* **Your task**: Only one stretch of the records below should be repeated. It starts with the line containing "Yexiya 16 Pcs" and goes on through the line containing "NICETOWN Semi Sheer", exactly as written.

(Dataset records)
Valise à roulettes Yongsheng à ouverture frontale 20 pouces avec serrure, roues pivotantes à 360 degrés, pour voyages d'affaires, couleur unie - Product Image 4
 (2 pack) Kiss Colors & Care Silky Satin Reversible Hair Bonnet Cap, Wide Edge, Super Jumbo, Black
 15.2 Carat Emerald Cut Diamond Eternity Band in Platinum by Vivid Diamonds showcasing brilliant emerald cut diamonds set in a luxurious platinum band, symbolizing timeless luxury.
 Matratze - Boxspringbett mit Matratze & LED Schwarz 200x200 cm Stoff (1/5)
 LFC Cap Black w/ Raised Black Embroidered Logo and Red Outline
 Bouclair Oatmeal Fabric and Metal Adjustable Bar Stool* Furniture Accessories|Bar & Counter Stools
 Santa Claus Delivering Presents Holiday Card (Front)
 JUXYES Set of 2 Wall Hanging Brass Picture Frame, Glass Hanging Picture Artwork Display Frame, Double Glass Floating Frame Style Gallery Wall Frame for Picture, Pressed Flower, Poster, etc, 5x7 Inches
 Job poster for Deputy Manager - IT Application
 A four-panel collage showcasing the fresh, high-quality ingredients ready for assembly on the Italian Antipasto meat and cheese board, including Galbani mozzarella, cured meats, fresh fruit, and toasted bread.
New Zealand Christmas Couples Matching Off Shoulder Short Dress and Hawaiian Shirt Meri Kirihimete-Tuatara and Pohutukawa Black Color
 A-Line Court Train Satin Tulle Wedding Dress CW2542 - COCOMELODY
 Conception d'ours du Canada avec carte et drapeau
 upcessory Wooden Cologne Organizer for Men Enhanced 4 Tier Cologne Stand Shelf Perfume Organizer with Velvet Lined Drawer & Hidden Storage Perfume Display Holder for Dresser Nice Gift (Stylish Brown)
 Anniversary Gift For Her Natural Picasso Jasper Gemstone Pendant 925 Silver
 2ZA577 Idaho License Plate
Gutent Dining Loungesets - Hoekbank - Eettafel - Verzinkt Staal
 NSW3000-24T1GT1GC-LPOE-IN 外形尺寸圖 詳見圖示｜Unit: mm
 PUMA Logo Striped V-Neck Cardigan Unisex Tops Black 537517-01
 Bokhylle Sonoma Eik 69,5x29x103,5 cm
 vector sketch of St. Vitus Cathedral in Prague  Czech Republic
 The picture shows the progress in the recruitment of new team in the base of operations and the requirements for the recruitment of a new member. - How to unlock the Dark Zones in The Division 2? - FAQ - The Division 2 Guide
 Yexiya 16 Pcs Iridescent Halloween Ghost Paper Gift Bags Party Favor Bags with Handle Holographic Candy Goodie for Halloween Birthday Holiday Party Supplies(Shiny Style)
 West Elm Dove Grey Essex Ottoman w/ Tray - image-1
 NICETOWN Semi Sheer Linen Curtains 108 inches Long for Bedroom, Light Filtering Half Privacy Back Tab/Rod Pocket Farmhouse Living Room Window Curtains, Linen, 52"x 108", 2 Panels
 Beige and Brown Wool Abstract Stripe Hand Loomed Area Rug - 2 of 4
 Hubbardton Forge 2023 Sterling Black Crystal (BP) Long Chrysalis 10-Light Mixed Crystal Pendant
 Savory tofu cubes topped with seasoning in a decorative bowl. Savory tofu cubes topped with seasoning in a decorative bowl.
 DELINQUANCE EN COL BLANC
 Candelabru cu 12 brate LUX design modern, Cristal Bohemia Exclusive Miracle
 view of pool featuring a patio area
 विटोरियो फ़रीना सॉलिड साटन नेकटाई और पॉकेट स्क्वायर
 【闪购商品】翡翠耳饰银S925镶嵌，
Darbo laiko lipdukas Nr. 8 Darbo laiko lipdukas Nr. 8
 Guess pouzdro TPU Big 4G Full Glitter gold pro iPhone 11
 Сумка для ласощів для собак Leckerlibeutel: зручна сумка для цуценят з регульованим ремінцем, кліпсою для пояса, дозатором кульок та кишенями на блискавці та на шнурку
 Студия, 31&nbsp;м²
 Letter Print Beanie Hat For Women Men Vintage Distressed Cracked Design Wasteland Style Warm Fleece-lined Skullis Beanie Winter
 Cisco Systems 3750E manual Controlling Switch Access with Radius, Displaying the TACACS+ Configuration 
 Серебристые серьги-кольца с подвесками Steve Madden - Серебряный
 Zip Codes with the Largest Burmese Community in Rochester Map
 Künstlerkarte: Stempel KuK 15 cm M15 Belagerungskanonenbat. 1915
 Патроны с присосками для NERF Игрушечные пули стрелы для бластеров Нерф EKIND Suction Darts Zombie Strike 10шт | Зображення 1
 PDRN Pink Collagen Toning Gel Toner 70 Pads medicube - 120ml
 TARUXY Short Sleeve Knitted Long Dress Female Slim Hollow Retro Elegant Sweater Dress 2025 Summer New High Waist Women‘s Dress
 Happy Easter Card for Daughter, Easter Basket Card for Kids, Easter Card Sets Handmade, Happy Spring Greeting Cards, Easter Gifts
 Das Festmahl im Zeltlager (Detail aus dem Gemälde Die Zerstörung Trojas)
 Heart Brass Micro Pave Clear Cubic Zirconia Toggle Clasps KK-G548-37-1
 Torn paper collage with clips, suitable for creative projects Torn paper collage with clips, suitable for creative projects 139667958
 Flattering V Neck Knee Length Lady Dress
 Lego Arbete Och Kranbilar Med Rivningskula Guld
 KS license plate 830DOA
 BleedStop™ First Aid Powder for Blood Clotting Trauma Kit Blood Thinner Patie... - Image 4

* **Completed exercise**:
 Yexiya 16 Pcs Iridescent Halloween Ghost Paper Gift Bags Party Favor Bags with Handle Holographic Candy Goodie for Halloween Birthday Holiday Party Supplies(Shiny Style)
 West Elm Dove Grey Essex Ottoman w/ Tray - image-1
 NICETOWN Semi Sheer Linen Curtains 108 inches Long for Bedroom, Light Filtering Half Privacy Back Tab/Rod Pocket Farmhouse Living Room Window Curtains, Linen, 52"x 108", 2 Panels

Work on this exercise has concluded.